*** Opening of Material provided ***

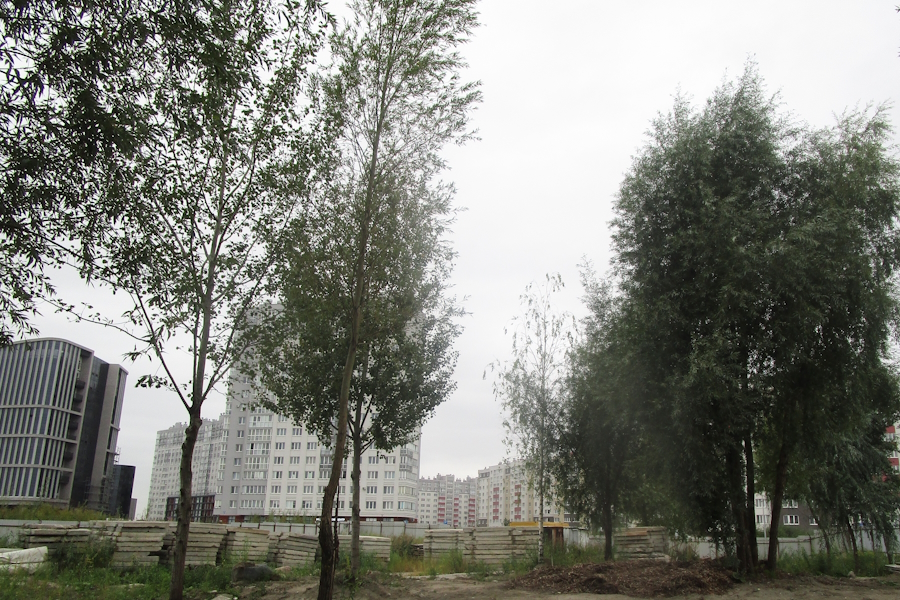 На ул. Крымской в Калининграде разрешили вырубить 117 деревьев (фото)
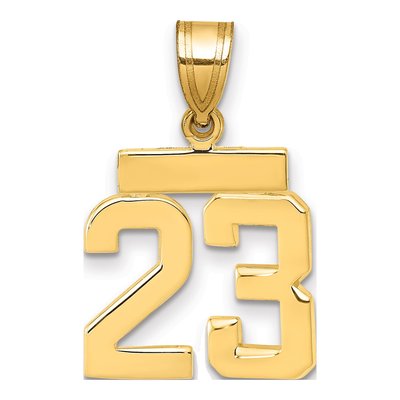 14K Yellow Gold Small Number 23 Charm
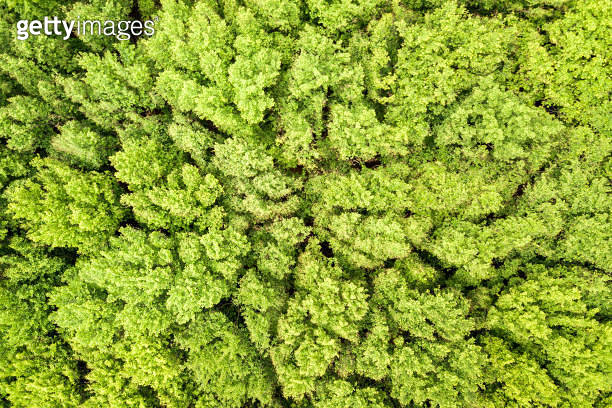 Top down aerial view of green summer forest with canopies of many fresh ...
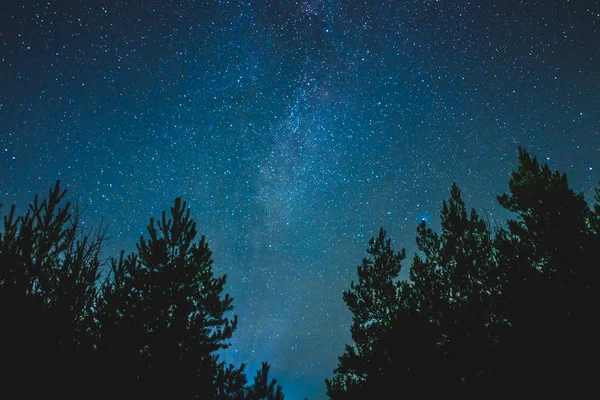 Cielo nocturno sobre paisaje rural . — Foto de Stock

*** Close of Material provided ***
*** Opening of Material provided ***

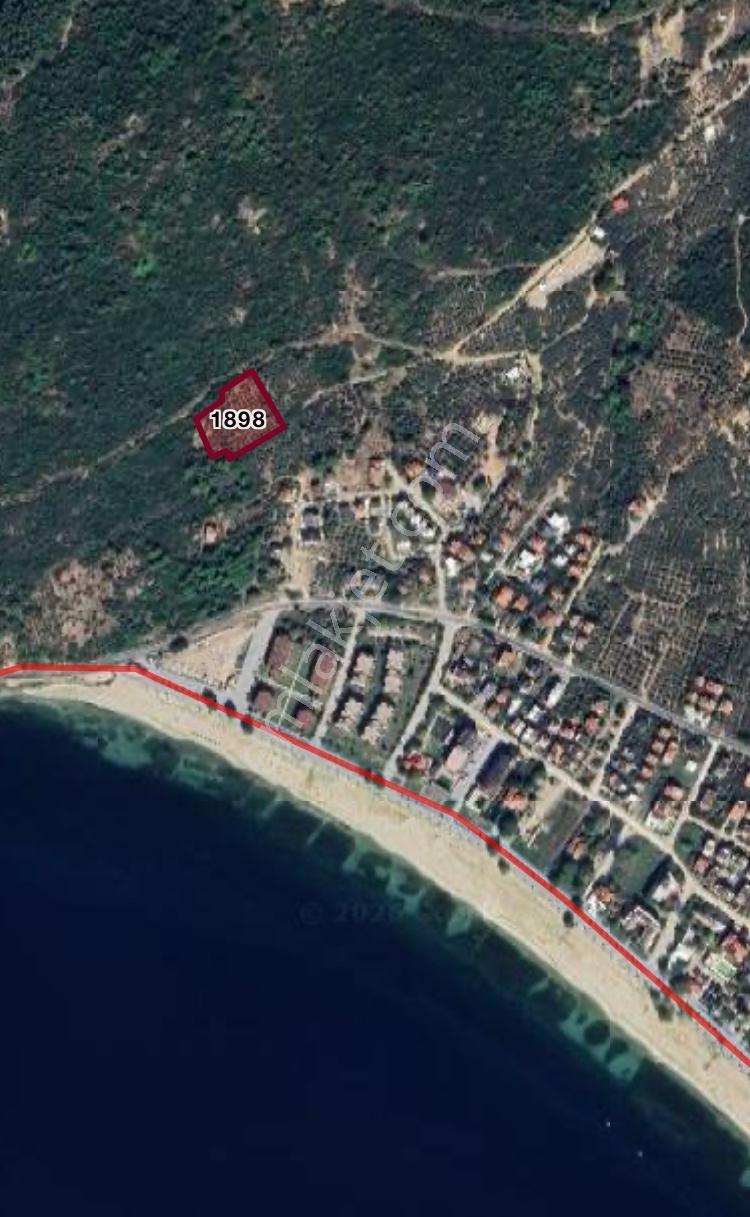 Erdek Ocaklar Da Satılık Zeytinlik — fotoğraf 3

*** Close of Material provided ***
*** Opening of Material provided ***

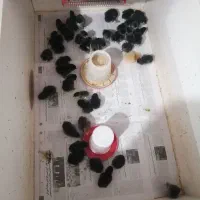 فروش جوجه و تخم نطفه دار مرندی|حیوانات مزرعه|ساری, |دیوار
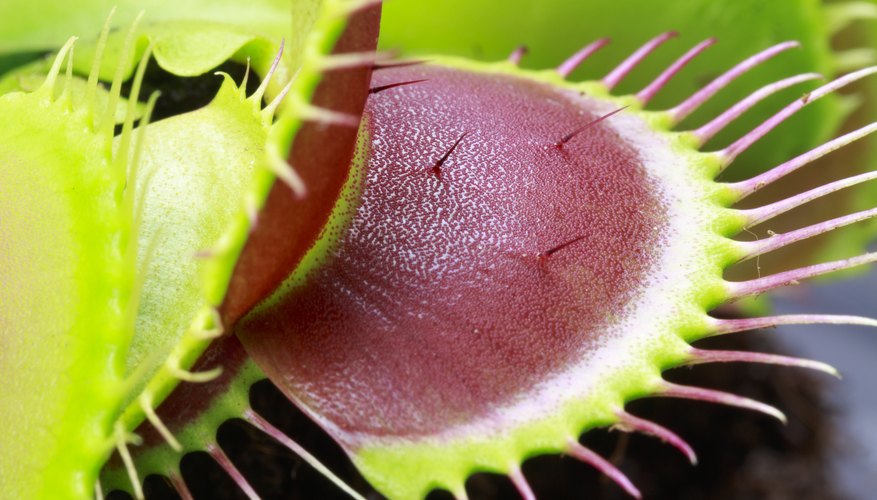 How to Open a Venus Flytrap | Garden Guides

*** Close of Material provided ***

Problem details: Each line between the one holding "На ул. Крымской" and the one holding "Cielo nocturno sobre", inclusive, should be copied exactly as it appears above, and pictures should be omitted.

Written reply:
 На ул. Крымской в Калининграде разрешили вырубить 117 деревьев (фото)
 14K Yellow Gold Small Number 23 Charm
 Top down aerial view of green summer forest with canopies of many fresh ...
 Cielo nocturno sobre paisaje rural . — Foto de Stock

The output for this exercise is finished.